El estudio, divulgado durante el verano boreal anterior, fue elaborado por un equipo internacional. Entre sus autores destaca el doctor Duo Chan, perteneciente a la Facultad de Ciencias Oceánicas y Terrestres de la Universidad de Southampton, en Inglaterra. La investigación sugiere que factores naturales en el océano lograron contrarrestar momentáneamente el impacto del calentamiento global.
Según el reportaje de The Guardian, el científico afirmó:
“Lo que parecía una pausa a principios de la década de 2020 ahora parece haber sido simplemente una desaceleración temporal dentro de un declive a largo plazo”.
Durante los años analizados, las variaciones en las corrientes oceánicas limitaron el deshielo, generando un respiro transitorio para la región. Sin embargo, los autores del estudio advierten que este fenómeno no detuvo la tendencia general, sino que la enmascaró momentáneamente. Las observaciones satelitales más recientes muestran que la extensión de hielo marino en septiembre, cuando alcanza su mínimo anual, se redujo a la mitad en comparación con 1979, año en que comenzaron las mediciones sistemáticas.
El mayor retroceso invernal de la historia reciente

El grupo de científicos liderado por el doctor Duo Chan y el doctor Alessandro Silvano, también de la Universidad de Southampton, detectó una reducción del 5,8 % en la cobertura de hielo marino entre 2024 y 2025. Este porcentaje constituye el descenso invernal interanual más pronunciado jamás documentado. Los investigadores consideran el evento como excepcional, pero factible dentro del escenario actual del Ártico, donde el calentamiento ha superado los promedios mundiales.

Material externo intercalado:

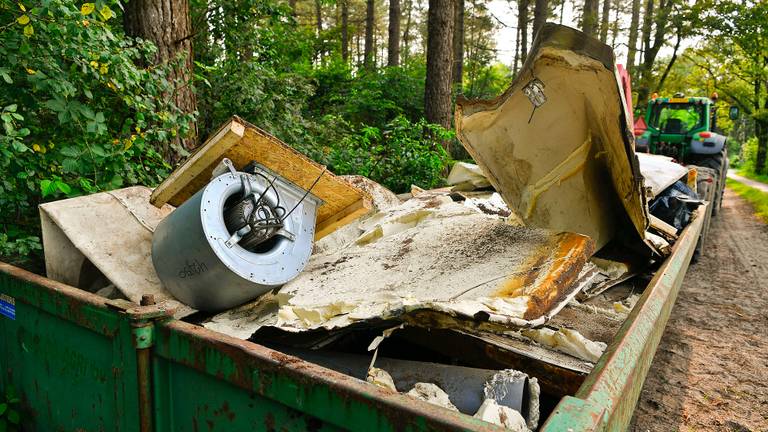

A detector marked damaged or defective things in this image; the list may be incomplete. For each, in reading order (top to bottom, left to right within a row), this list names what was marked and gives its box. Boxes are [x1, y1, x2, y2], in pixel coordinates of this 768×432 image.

rusty metal edge [152, 318, 508, 430]
rusty metal edge [540, 204, 708, 430]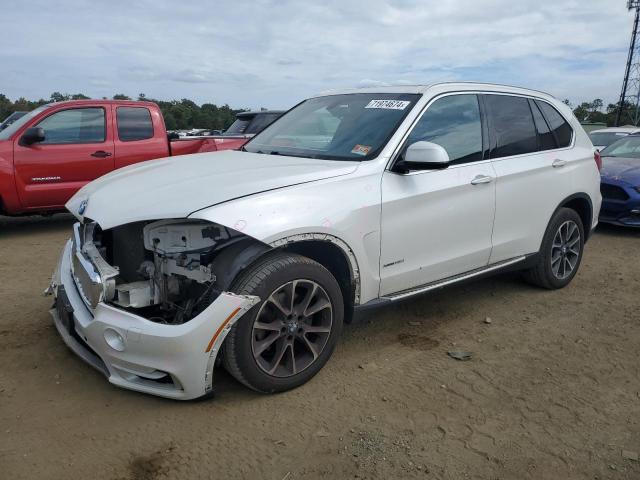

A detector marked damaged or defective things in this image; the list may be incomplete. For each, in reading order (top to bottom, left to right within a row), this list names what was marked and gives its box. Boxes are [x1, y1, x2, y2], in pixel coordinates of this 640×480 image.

crumpled front bumper [48, 240, 258, 402]
damaged front end [48, 219, 266, 400]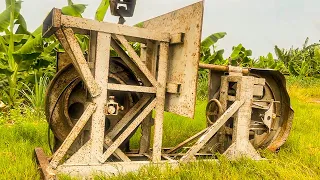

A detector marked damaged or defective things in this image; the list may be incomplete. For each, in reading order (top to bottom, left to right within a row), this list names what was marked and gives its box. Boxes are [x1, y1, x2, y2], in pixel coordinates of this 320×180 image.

corroded machinery [34, 1, 292, 179]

El hielo marino invernal cumple una función clave como aislante entre el océano Ártico, que presenta temperaturas relativamente elevadas, y la atmósfera, mucho más fría. Cuando la superficie helada disminuye, el calor y la humedad del océano se transfieren con mayor facilidad a la atmósfera, lo que puede modificar la dinámica climática regional y global.
“La escasa extensión del hielo marino invernal en 2025 y 2026 demuestra claramente que la pérdida de hielo marino en el Ártico no se ha detenido, sino que continúa en un clima cada vez más cálido”, manifestó Chan, en una declaración recogida por The Guardian.
Impactos climáticos y advertencia a futuro

El informe hace hincapié en las consecuencias del retroceso acelerado del hielo marino sobre el clima del hemisferio norte. Los autores señalan que la reducción de la cobertura helada puede modificar los patrones de presión atmosférica, favorecer el desarrollo de tormentas y alterar la circulación atmosférica a gran escala. Estos cambios tienen el potencial de repercutir en el clima de latitudes más bajas, afectando a millones de personas.
Desde la perspectiva de la Universidad de Southampton, el nuevo estudio funciona como una advertencia sobre los riesgos asociados a la crisis climática. Los expertos subrayan que los períodos de aparente recuperación no deben interpretarse como una estabilización, sino como excepciones dentro de una tendencia general de reducción. El trabajo enfatiza que el deshielo ártico podría duplicar el ritmo de los registros históricos en los próximos cinco a diez años, si persisten las condiciones actuales.